Rather than vilify our state workforce through sound bites, press releases or You-Tube moments, let’s engage all the stakeholders in an effort to find a solution.
That engagement begins with understanding the root cause of the problem and what principles we should use to guide us to a solution. The Star Ledger recently posted a story about my attempts to begin this conversation with various stakeholders.
A greater focus on public spending at the state and local level, brought about by the fiscal conditions of recent years, has brought this issue front and center onto the political stage. Some of these conditions are systemic of a national recession that the country has slowly begun to emerge from, but the lack of a New Jersey comeback rests squarely on the policies of this administration.
Years of budget mismanagement, overinflated revenue figures, and credit downgrades have finally come home to roost. Governor Chris Christie’s abrogation of the scheduled pension payment was a devastating decision that will haunt taxpayers for years to come.
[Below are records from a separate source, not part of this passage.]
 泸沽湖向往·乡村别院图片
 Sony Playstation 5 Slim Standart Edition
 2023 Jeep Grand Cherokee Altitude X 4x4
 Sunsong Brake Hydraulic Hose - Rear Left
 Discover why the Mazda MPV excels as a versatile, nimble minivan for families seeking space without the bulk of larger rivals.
His actions further exacerbates the combined $108 BILLION in unfunded liabilities for future pension and retiree healthcare costs.
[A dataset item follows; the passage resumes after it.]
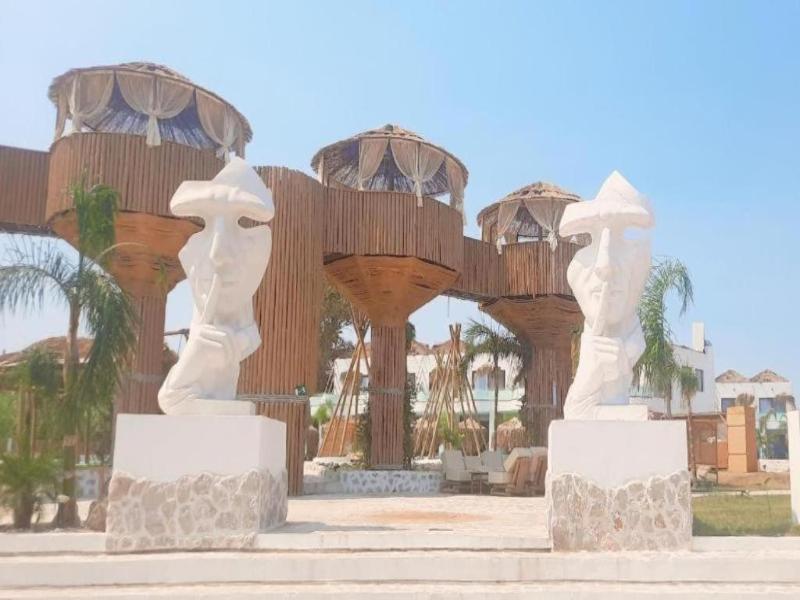 Alia suites & Alia beachfront suites and spa - Restoran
This staggering figure chokes our State’s ability to provide the resources necessary for innovation in the classrooms, relief for property taxpayers and investments in our infrastructure. It also leads to the false presentation, by some, that we must make a choice between being pro-taxpayer or pro-public employee when meeting this challenge.
In my opinion, we should use three simple principles to evaluate any pension reform plan put forth by the Governor’s newly empanelled Pension & Benefits Task Force: (1) ensuring the fiscal sustainability of the pension system, (2) safeguarding current and future taxpayers from financial brinkmanship and (3) providing true retirement security to our state workforce.
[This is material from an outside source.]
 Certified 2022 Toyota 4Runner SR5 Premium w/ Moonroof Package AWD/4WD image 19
The existing system has failed because we have seen by Governor Christie's recent actions, and those of his predecessors, it's too easy to renege on the financial obligation to make those pension payments. Whether that is because of misguided political ideology or economics, this will likely continue without corrective action.
Equally important to note, 401(k) styled retirement programs will not solely work to address our state's needs either. By their construction, these programs cannot be underfunded. However, they do not provide the level of security necessary for those who have no choice but to rely on this as their sole retirement vehicle.
It's difficult to have any discussion about pension reform unless the state's required payment is made. That's why I stand in full support of the leadership shown by Senate President Steve Sweeney and Assembly Speaker Vincent Prieto in advocating for the state to honor it's full obligation.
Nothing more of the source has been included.